> WHAT IS BEING ASKED
In the copy, include exactly the lines from the one with "Loft Tortona" through the end of the data and no others, both ends kept, with every picture left out.

┌──

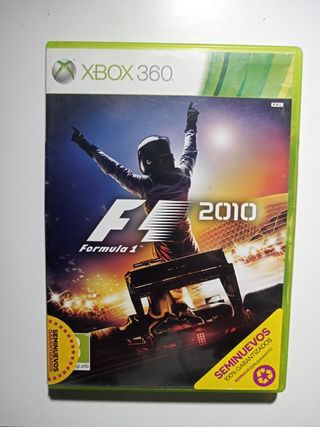 JUEGOS XBOX 360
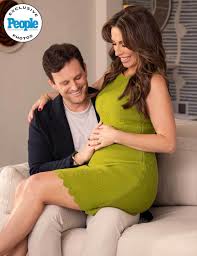 The View' is about to have a brand-new little viewer! Alyssa Farah Griffin  is pregnant, expecting her first child — a baby boy, due in February 2026 —  with husband Justin Griffin.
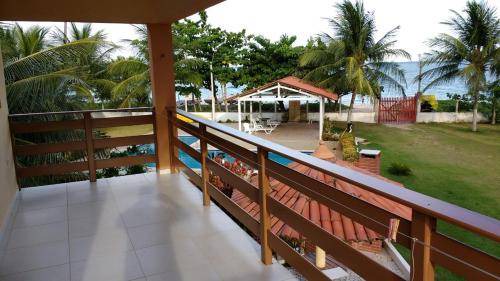 Barra Grande Apartment | 120 m² Serviced apartment ∙ 4 bedrooms ∙ 14 guests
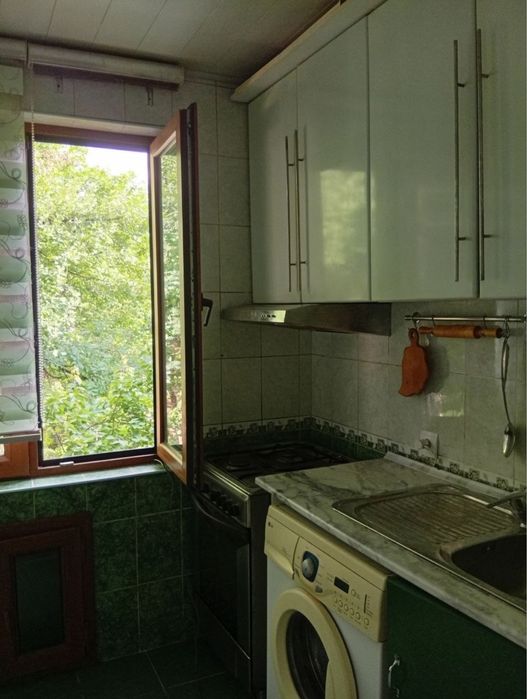 Продается 2-х комнатная квартира. ТТЗ-2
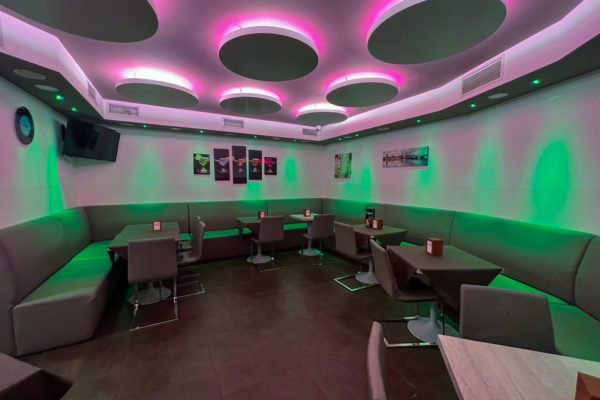 Loft Tortona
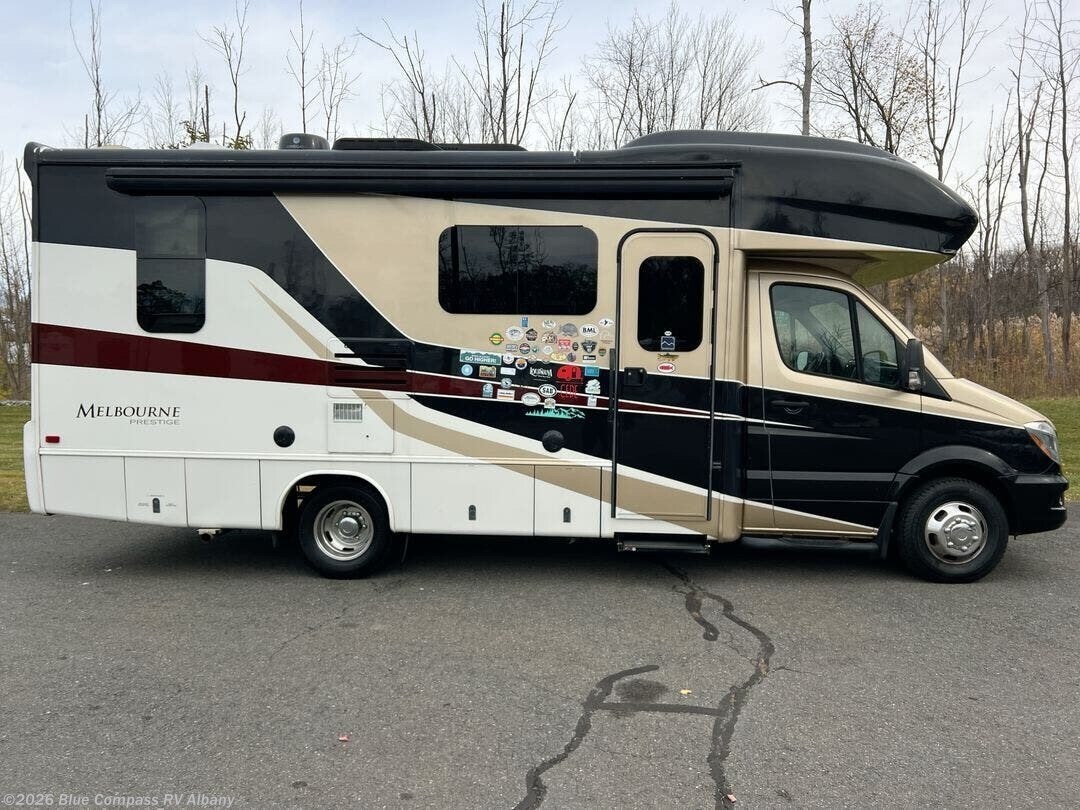 2018 Jayco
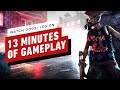 Watch Dogs: Legion - 13 Minutes of Gameplay - Liberating Southwark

└──

> SOLUTION TO THIS PROBLEM
 Loft Tortona
 2018 Jayco
 Watch Dogs: Legion - 13 Minutes of Gameplay - Liberating Southwark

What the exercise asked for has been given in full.